Strange Powers: Stephin Merritt and the Magnetic Fields
Fascinating, funny portrait of Stephin Merritt, the notoriously bad-tempered writer of beguiling literate American pop, and his band the Magnetic Fields. “Will intrigue and entertain even those unfamiliar with their music.” — Time Out
Sweetgrass
A team of 21st-century cowboys herd thousands of sheep to summer pastures in the mountain grasslands of Montana. “A really intimate, beautifully shot examination of the connection between man and beast.” — NY Times
Teenage Paparazzo
Entourage star, filmmaker Adrian Grenier turns the camera on a teenage LA paparazzo in his smart, entertaining investigation of celebrity culture. With Lindsay Lohan, Paris Hilton, Matt Damon. “Adrian Grenier gets it.” — LA Times
There Once Was an Island: Te Henua e Nnoho
On Takuu, a tiny low-lying atoll in the south-west Pacific, the impact of climate change is real and immediate. NZer Briar March’s intimate, award-winning portrait of island life makes this confrontation with global crisis a vividly personal one.
Trash Humpers
Harmony Korine (Gummo) depicts the deviant exploits of a gang of demented geriatric peeping toms on stuttering low-grade VHS. “Is it a lost underground movie or a new species of freak-folk art?” — Cinema Scope
The Tree
French director Julie Bertuccelli brings a startled outsider eye to this poetic Australian/French movie about a young widow (Charlotte Gainsbourg) and her little daughter’s solemn obsession with a giant tree.
Triangle
UK genre wunderkind Christopher Smith’s follow-up to Severance is as mystifying and haunting as is its connection to the Bermuda Triangle. With Melissa George. “A smart, supernatural time-shift chiller.” — The Guardian
Trimpin: The Sound of Invention
Infectious portrait of Trimpin, an eccentric, extremely talented kinetic sculptor, sound artist, musician and composer who uses scavenged materials to craft fanciful musical instruments of his own design. With the Kronos Quartet.

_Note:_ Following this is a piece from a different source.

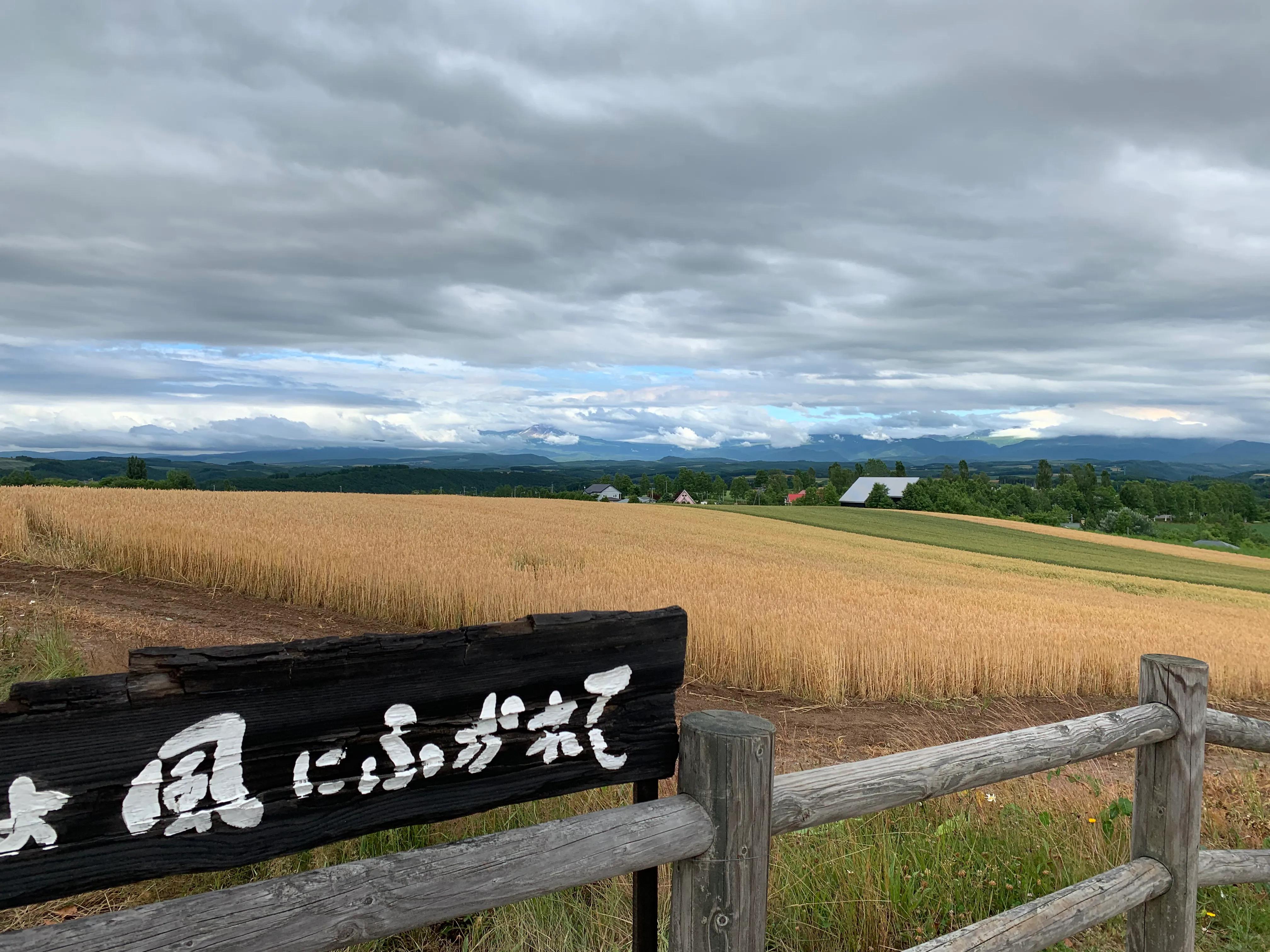 聊聊电影解说,聊聊app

TrinityRoots, Music Is Choice
Sarah Hunter’s music-filled documentary is a sharp and lively memento of the jazz-inflected Wellington reggae unit TrinityRoots, with fresh interviews and great footage of the band rehearsing, recording and performing.
Turtle: The Incredible Journey
The 25-year journey of the loggerhead turtle, one of the most fascinating and extraordinary migration stories in the animal kingdom, is captured in a stunning natural history film for all ages. Narrated by Miranda Richardson.
The Two Escobars
Documenting the entwined lives of soccer hero Andrés Escobar and notorious drug baron Pablo Escobar (no relation), this film uncovers Colombian soccer’s Faustian pact with the drug trade.
Wah Do Dem
Indie rock hipster Sean Bones goes with the flow on the beaches and backroads of Jamaica in this smart and funny comedy about a skinny New York white boy trying to cut it in a Rastaman world.
Waste Land
Brazilian art star Vik Muniz recycles garbage to make gigantic portraits of Rio’s amazingly upbeat garbage recyclers in this inspiring Sundance Audience Award-winning doco. Music by Moby. “A joy.” — Hollywood Reporter
When You’re Strange
Performance-driven doco of inflammatory 60s art-rock group The Doors and blazing frontman Jim Morrison. Narrated by Johnny Depp. “Hallucinatory… genuinely cinematic, a visual journey.” — Screendaily
Winter’s Bone
This bracing, backwoods drama of a young woman’s determination to deliver her young siblings from the bleak expectations of their kin was the big winner at Sundance this January. “Raw but utterly enveloping.” — Variety
Wound
Journey into the depraved mind of David Blyth, the bête noire of NZ cinema in a supernatural tale based on Greek mythology. Warning: contains extreme sadism and violence.